For all the good it does him, as in comes Vigilante-Squared, who viciously dispatches the Blue Dragon, rallies the Kids, and leads a charge for the Quantum Closet. Keith powers through a wall and halts their escape and would have finished Chris right then, had Chris’s friends not turned on him. Eagly claws at his head; Economos, Ads, and Harcourt pin him down; and Vigilante starts working his blade through Keith’s armor, all as Chris looks on in horror. “Stop!” he cries. “What the fuck is wrong with all of us?”
Gunn has never shied from twisting the knife at the most emotionally devastating moment, but “Like A Keith In The Night” hits differently. It’s the composition of Keith’s imminent slaughter: in front of Chris, who, in the moment, recalls what it looked like when he, as a kid, punched Keith to death. His friends are there to protect him, and they’ve just proven that they’re willing to commit extreme acts to do it. Love, in this context, is mangled into the gnarly murder-rampage that has defined Peacemaker’s career and his life. “This is me,” he says, cradling his older brother. “It’s not your world that’s wrong, or mine. It’s me!” He is certainly missing the forest for the trees—like he overlooked the pervasive Nazism in his Happy Place—but that’s Chris in a nutshell: a jingoistic dummy, a walking disaster trained for death but led by his heart. And it’s led him here, where he watches his family die once more.
Chris spares Keith out of grief, and the Kids finally make good on their escape from Earth-X, but not before Harcourt attempts a coup d’état on Captain Triumph. “I can’t have you coming after him,” she says, finger on the trigger—and she would have pulled it, if not for Fitzgibbon and his advancing forces.
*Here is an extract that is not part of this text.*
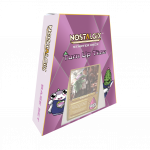 Nostalgix TCG Day Zero Starter Deck – Turn Up Time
The Kids return to Earth-Prime, where Rick Flag and A.R.G.U.S. promptly take him into custody. He goes quietly. Judging by the look on Chris’ face, he may be ready to sit out the rest of existence in a Belle Reve cell. Only one problem remains: Keith Smith. He will not forget the death of his brother or his father, the scars inflicted by the 11th Street Kids or the gun Harcourt put in his face. But should Captain Triumph cross into Earth-Prime to claim his revenge, will he also remember the man, briefly his brother through a cosmic fluke, who wept into his chest and saved his life?
Stray observations
- • A killer joke: Vig’s doppelganger (also Stroma) learns there is a reality where America and its allies won World War II. “You must live in a utopia!” he squeaks. Vig: “Um…”
- • Stephen Blackehart, in all likelihood, will resurface in Man Of Tomorrow. I hope he does!
- • I’m devastated. It’s great to see Lochlyn Munro again, but the nature of Earth-X denies us a cameo from Annie Chang’s Detective Song.
- • More bad things about Earth-X: the Cheet-Os are spelled Cheet-Ohs and are not as good. Scrabble is Scrobble, but it seems to play the same.
- • Robert Patrick got his “come with me if you want to live” moment.